Another example of this difference is the way that the different cultures define success. North America is famous for its love of capitalist enterprise, and this cultural tradition has affected the way that North Americans understand success. In the States, a successful business person is almost exclusively defined as someone who has a good salary and who has achieved financial success. In the U.K., position and being well-connected is more important. Understanding what motivates your target audience will support your success.

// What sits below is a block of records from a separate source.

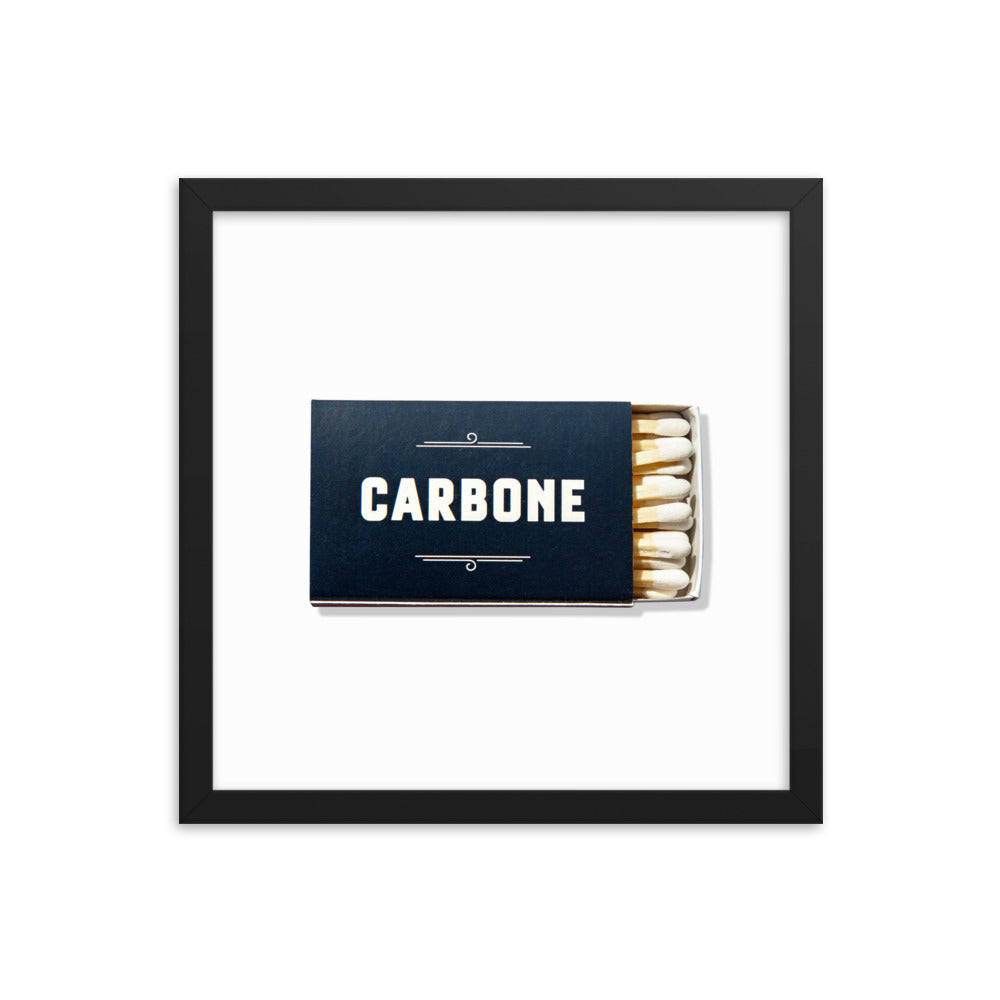 Carbone Framed Print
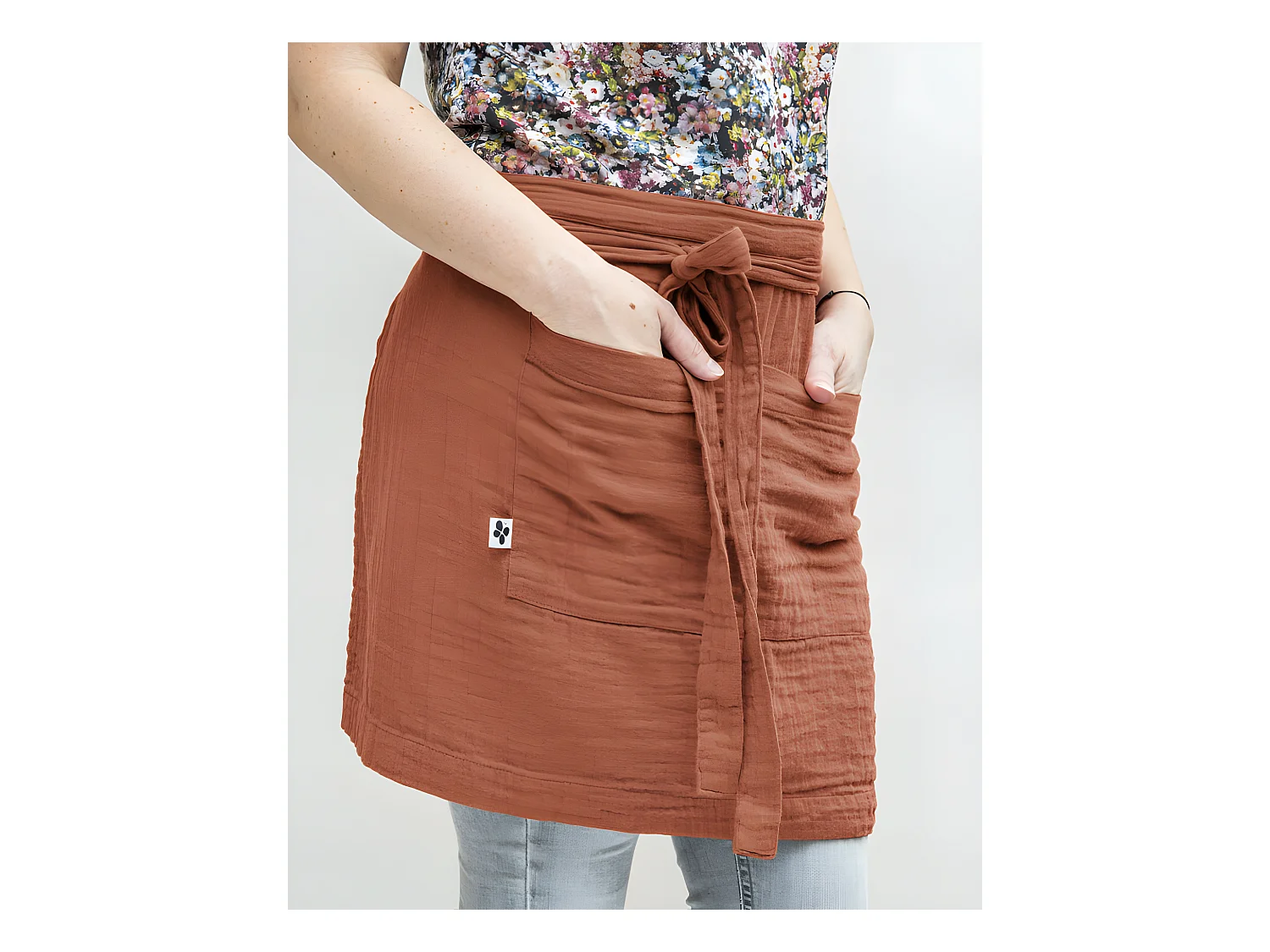 Tablier de Chef "Gaïa" 45 x 80 cm "Gaze de Coton"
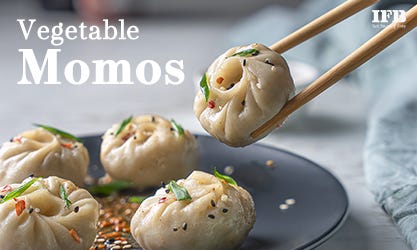 Vegetable Momo in Microwave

Small talk or networking as it’s known in Europe is another area where things can get a little “Lost in translation” even when the language spoken is the same! finding common ground can prove difficult if you don't do a little preparation in advance. In the U.K., people tend to be engaged in world news and other global concerns. British people also tend to be more reserved when it comes to discussing family and mutual acquaintances so networking can often be a harder challenge. Luckily these days social media have allowed us to do a little more digging before meeting people in person but while North Americans may be ok with people knowing all about them, The British are a little less keen and may feel uncomfortable if you tell them all about your love of their “quaint cottage”.
Advertising practices vary greatly between Europe and North America, while it is common to see people wearing inflatable costumes to promote products on American streets, it is very rare in most European countries. Likewise, Americans like to place giant billboards along highways/motorways, this practice is absent in most of Europe, where the only signs are public awareness campaigns for safer driving.

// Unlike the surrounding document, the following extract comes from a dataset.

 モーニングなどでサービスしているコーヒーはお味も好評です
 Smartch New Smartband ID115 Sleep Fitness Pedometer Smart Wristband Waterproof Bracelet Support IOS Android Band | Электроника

The U.K are also several years behind North America when it comes to ‘The customer experience’ in North America it is commonplace to thank people for their business but in the U.K this is often rare.

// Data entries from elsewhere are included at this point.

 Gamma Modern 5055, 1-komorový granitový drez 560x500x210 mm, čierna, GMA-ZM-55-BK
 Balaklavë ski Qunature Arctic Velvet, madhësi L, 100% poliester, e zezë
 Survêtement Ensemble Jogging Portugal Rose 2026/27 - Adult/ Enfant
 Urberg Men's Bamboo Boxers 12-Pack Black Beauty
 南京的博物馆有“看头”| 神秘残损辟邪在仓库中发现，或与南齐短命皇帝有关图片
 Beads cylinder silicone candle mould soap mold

Holidays in the U.K., full time workers are entitled to 28 days off per year (part time workers are also allowed 28 days off, pro-rated). The average Americans have 16 days of paid leave but it is believed that due to fear of their work and professional relationships suffering most Americans only take around half of this off. There is currently a drive however North America for more flexible working and a work life balance and this may well see more Americans taking the full allotted time off in the near future.
U.K. employment laws tend to favour the employee over the employer to a greater degree than in North America. In practice, this means that British employers and employees must agree on contractual changes before they are finalised, and in the case of layoffs (Redundancies as they are known in the U.K), employers are required to carry out a consultation process. This is because most U.K employees are employed on contracts that give them rights to a fair dismissal and to notice periods. In North America employees are less likely to be on fixed contracts and are free to leave without notice, which also means employers can terminate working relationships without notice.
The U.K. is also further along when it comes to anti-discrimination laws but like North America do have some way to go to bridge the gender pay gap.
Corporation Tax In the U.K. businesses pay a rate of around 20% tax, and as low as 12.5% in Ireland (something that Medtronic’s took advantage of back in 2014) whereas in North America the rate is approximately 35-39%. This is great news for North Americans looking to open in the UK but something to consider the other way around.
These are just a few of the cultural differences between to very strong English-speaking nations (let’s not get started on the use of Z’s) A lack of cultural understanding can lead to tension and misunderstanding. That’s why, if you’re planning to open your business across the Atlantic it is advisable to do it with an agency that understands these nuances and can shape your sales and marketing efforts to accommodate them.